1. They can be applied to blocks of data of any length.
2. They produce a fixed-length output.
3. They have preimage resistance (one-way property), which makes them hard to invert. It should be computationally infeasible to find an input that maps to a hashed output.

Collision Resistant hash functions should have this property:

1. It should be extremely unlikely for two different inputs to generate the same hash value.

Universal One-Way hash functions should have this property:

1. It should be target collision resistant, or second-preimage collision resistant - it should be computationally infeasible to find a second distinct input that hashes to the same output as the specified input.

Note: Cryptographic hash functions are much slower than non-cryptogrpaphic ones. SHA-1 can hash 540 MiB/second, but non-cryptographic functions are 2500 MiB/second or more.

Message-Digest Algorithms

MD5 was invented by Ron Rivest in 1991 to replace MD4. It takes a message of arbitrary length and produces an output the unique 128-bit hash of the input.

MD5 is based on the Merkle-Damgard schema. It converts the input of an arbitrary size to a number of blocks of fixed size (512-bit blocks or 16 32-bit words). Each block is processed one by one using a special compression function and every next block uses the result of the previous output. To make the compression secure, the algorithm applies Merkle-Damgard strengthening, then the padding uses the encoded length of the original message. The final MD5 hash is the 128-bit value generated after processing the last block.

MD5 is now considered vulnerable to collision attacks. Attackers can construct different messages with the same MD5 hash, so downloaders cannot verify the authenticity of the file.

Secure Hash Algorithms

SHA

Secure Hash Algorithms (SHA) were developed by the NSA and published by the NIST. The first algorithm, SHA-0 was published in 19931, and was replaced by SHA-1. SHA-1 produces a longer 160-bit value.

SHA-1 was widely used, until in 2005 a weakness in SHA-1 was discovered and in 2010 it was deprecated for use as a cryptographically secure hash algorithm.

SHA-2 was published in 2001 and includes various digest sizes: SHA-224, SHA-256, SHA-384, SHA-512.

RadioGatún

RadioGatún is an improvement of the Panama hash function. The algorithm splits the input into a sequence of blocks which are injected into the algorithm’s internal state using a special function. That is followed by an iterative application of single non-cryptographic functions (the belt-and-mill).

Note: RadioGatún is claimed to be much faster than SHA-256 while still being cryptographically secure.
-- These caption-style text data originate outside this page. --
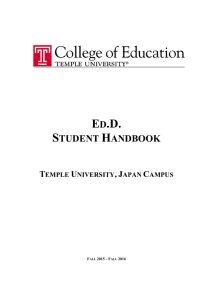 Ed.D. Student Handbook 2015-16 - Temple University, Japan Campus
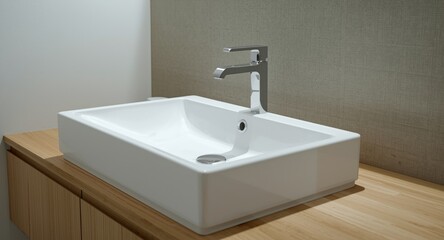 Fototapeta premium White rectangular bathroom sink with chrome faucet on wooden countertop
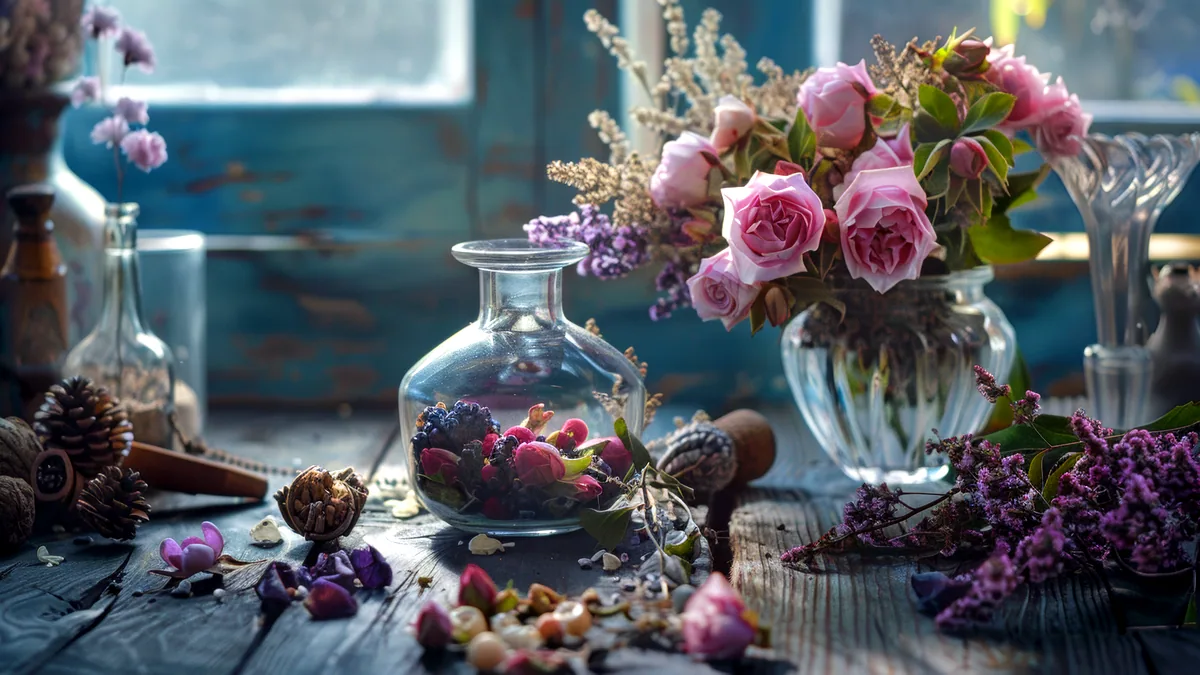 A class table laid out with vases, ribbons, and bunches of spring flowers.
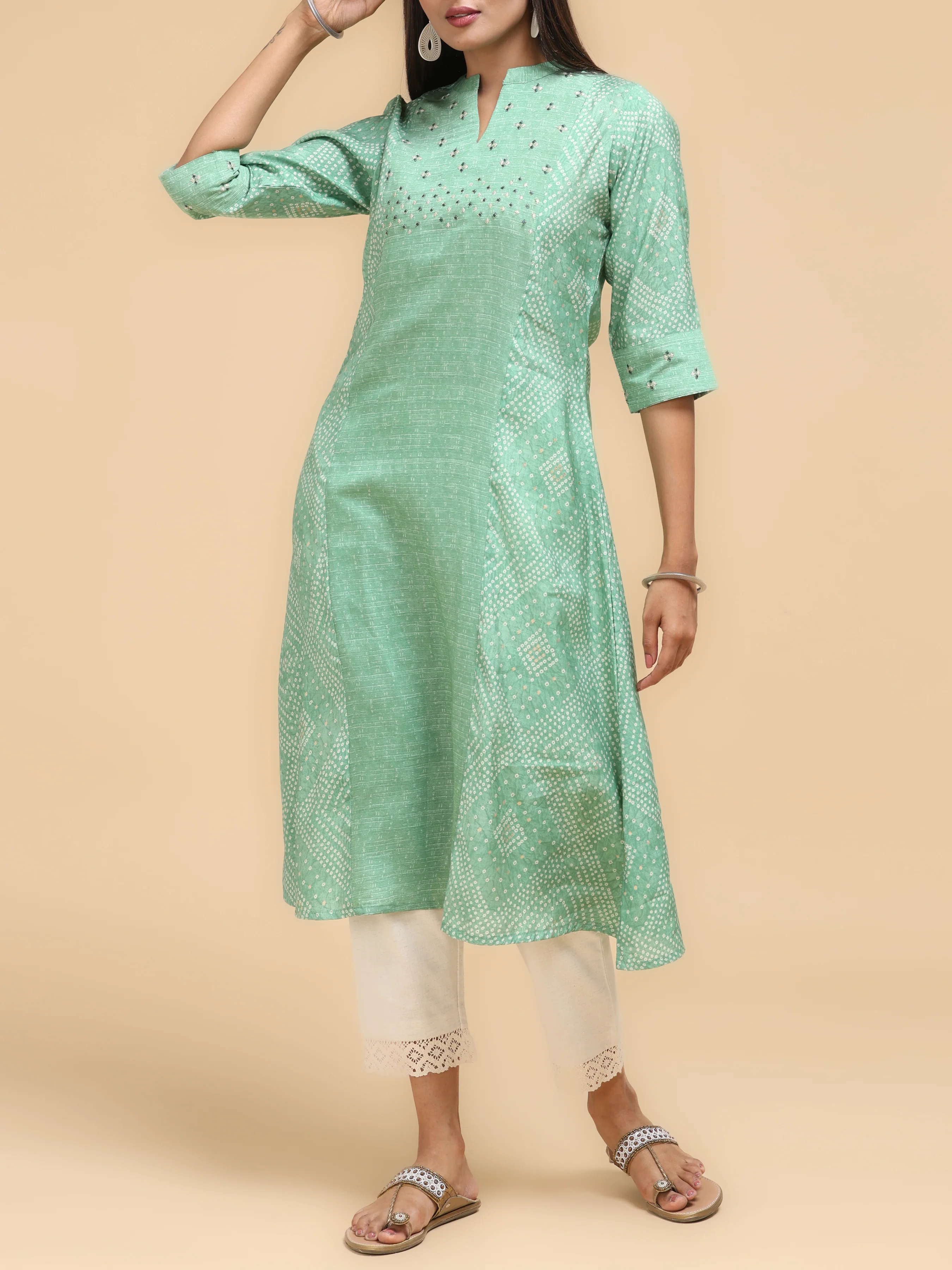 Aqua Green Modal Chanderi Kurti With Print - Image 3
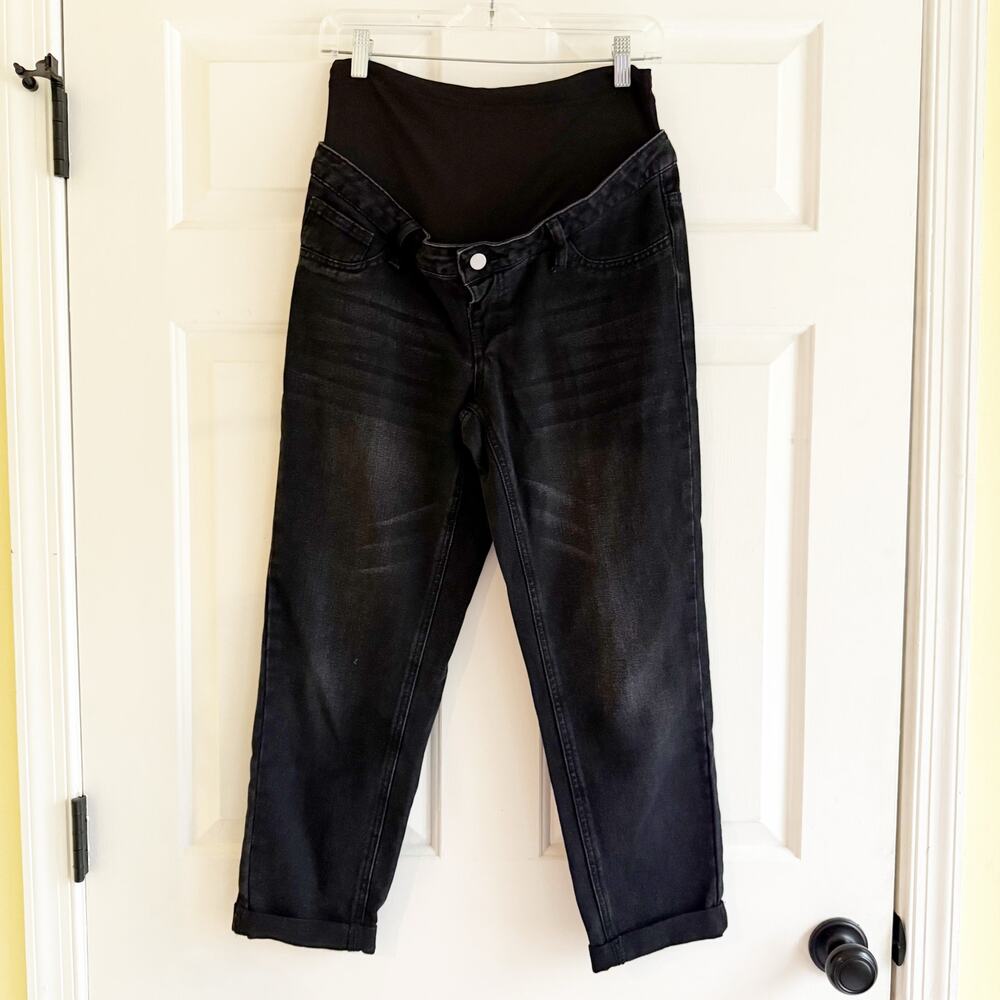 SHEIN Maternity Straight Leg Black Jeans Distressed Ankle Over Belly Size Small‎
Non Crytographic hash functions

Fowler/Noll/Vo

FNV is a non-cryptographic hash that maintains an internal state is initialized to a special offset basis. Then, it iterates over 8 bits at a time and performs multiplication of the state on some large numerical constant (FNV Prime) by applying XORs to the input block. After the last input, the resulting value is reported as the hash.

Most of this has to do with the selection of the prime number.

There is an alternate algorithm, which switches the order of the multiplication and the XOR over the range.

The FNV algorithm has (32, 64, 128, 256, 512, and 1024 bit hash values).

It is used in Rust’s hashmaps as a crate.

MurmurHash

Published in 2008 by Appleby. It consists of a Multiply (MU) and Rotate (R) in that order. Murmurhash takes a key, a length, and a seed.

It iterates through the list in chunks of 4, and then does a rotation through the input, using the seed to finalize the output hash.

Murmurhash is used in libstdc++, Elasticsearch, Cassandra, Hadoop, nginx.

CityHash

Published in 2011 at Google by Pike and Alakuijala. CityHash is made for use on short strings, and performs well on such inputs, but is slower and more complex than MurmurHash for most other inputs.

Hash Tables

A hash table is a dictionary data structure that is comprised of an unordered associate array of length m, whose entries are called buckets and are indexed by a key in the range of {0, 1, …, m - 1}.

A hash function is used to compute the key that is utilized to select the appropriate bucket to store the value.

Since the size of the universe (all possible inputs) is larger than our hash table, there will be collisions that need to be dealt with.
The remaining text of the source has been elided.